▶ **The problem**
In the reply, give back exactly the lines from the one with "Jantar delicioso...frango a" through the last line of the records, without pictures.

▶ **Short descriptive text snippets**
________________
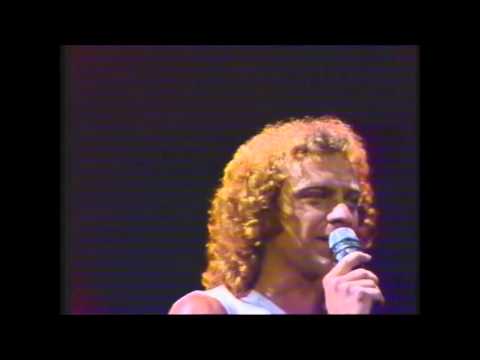 Foreigner - Waiting For a Girl Like You (Live in Dortmund Germany 1981)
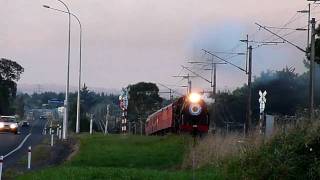 🚂高速で通過する蒸気機関車 [upl. by Aid]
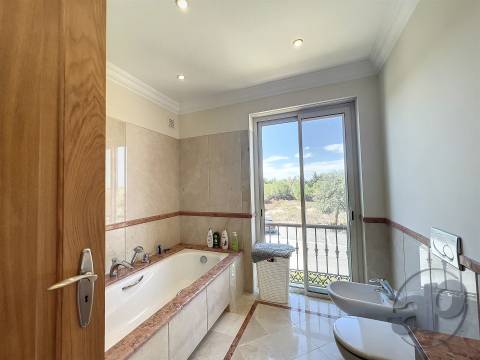 Excelente moradia v4 para venda no Monte Rei Golf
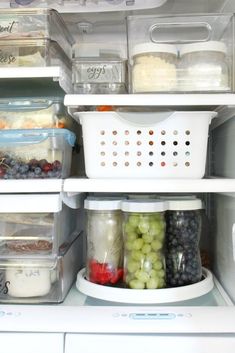 Don't settle for kitchen blues; try some of these kitchen organization ideas to make cooking and cleaning your kitchen easier. Organize Freezer, Fridge Ideas, Kitchen Renovation Diy Ideas, Organization Bins, Diy Spice Rack, Jars Kitchen, Organizing Storage, Freezer Food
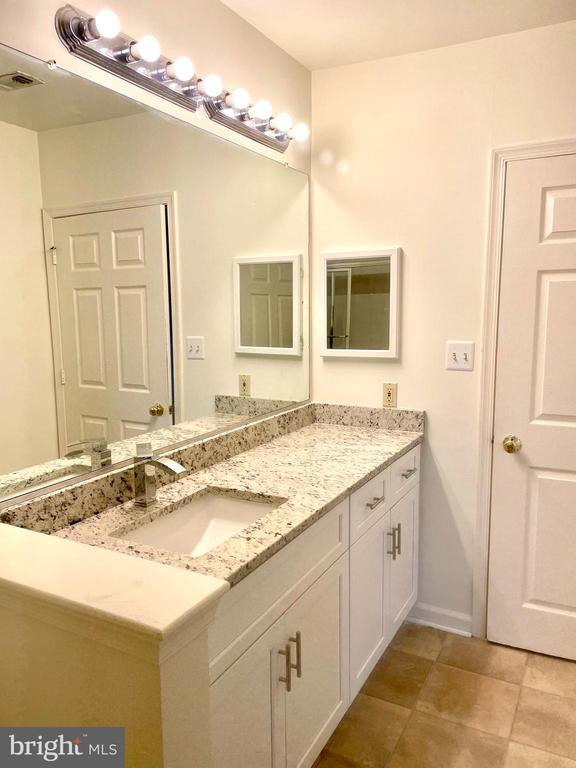 Photo - 20292 Beechwood Terrace Unidad 201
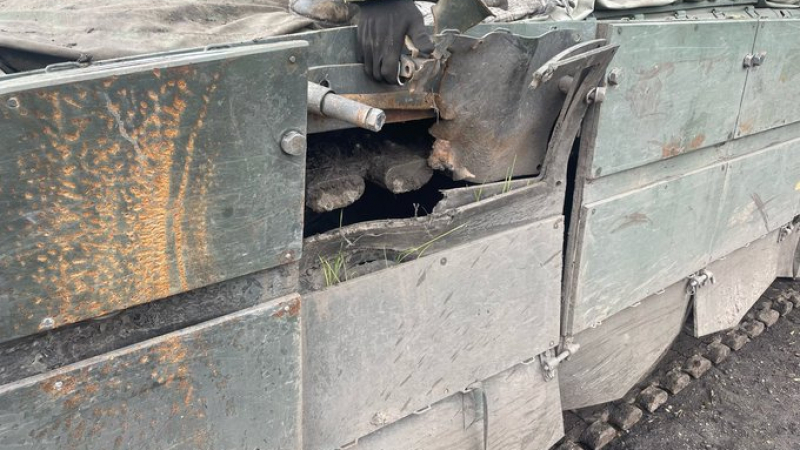 Танк Т-90М "Пробив" оцеля при пряко попадение от РПГ-7, без да получи и най-малки щети СНИМКА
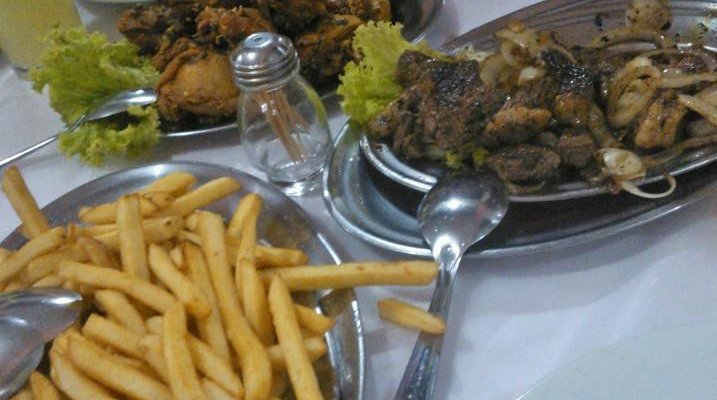 Jantar delicioso...frango a passarinho, picanha acebolada e fritas :)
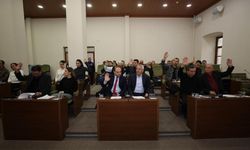 Urla Belediye Meclisi'nde oturum krizi: Çoğunluk sağlanamadığı için ertelendi
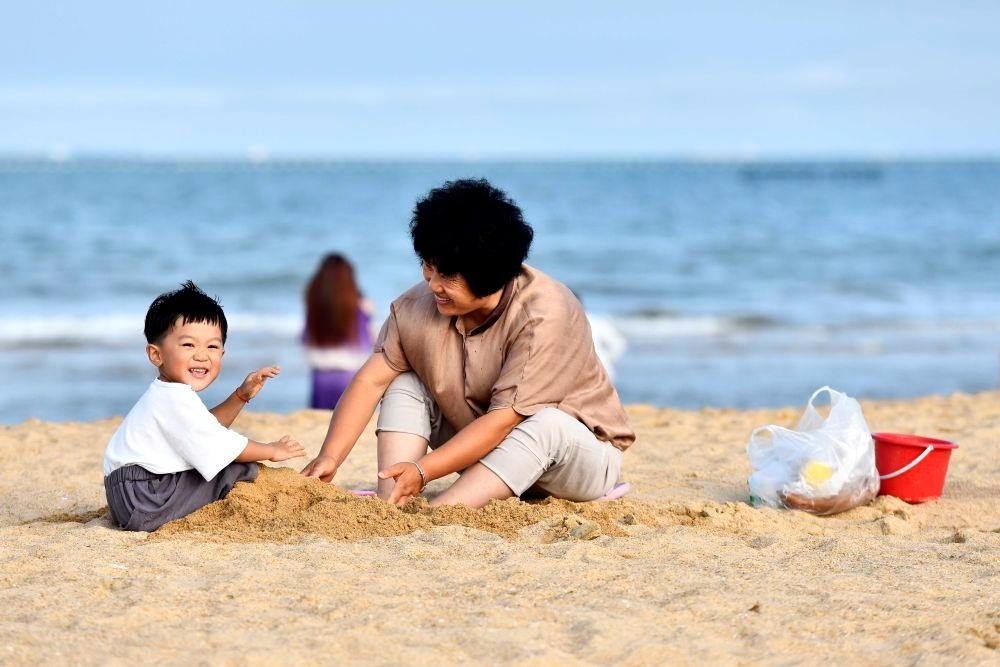 △山東日照陽(yáng)光海岸綠道沙灘一角。近年來(lái)，日照還海于民、還景于民，在保留松林、沙灘、礁石和濕地資源的基礎(chǔ)上，修復(fù)整治生態(tài)岸線，打造出一條長(zhǎng)約28公里的陽(yáng)光海岸綠道，吸引眾多市民游客度假休閑。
________________
▶ **Exercise output**
 Jantar delicioso...frango a passarinho, picanha acebolada e fritas :)
 Urla Belediye Meclisi'nde oturum krizi: Çoğunluk sağlanamadığı için ertelendi
 △山東日照陽(yáng)光海岸綠道沙灘一角。近年來(lái)，日照還海于民、還景于民，在保留松林、沙灘、礁石和濕地資源的基礎(chǔ)上，修復(fù)整治生態(tài)岸線，打造出一條長(zhǎng)約28公里的陽(yáng)光海岸綠道，吸引眾多市民游客度假休閑。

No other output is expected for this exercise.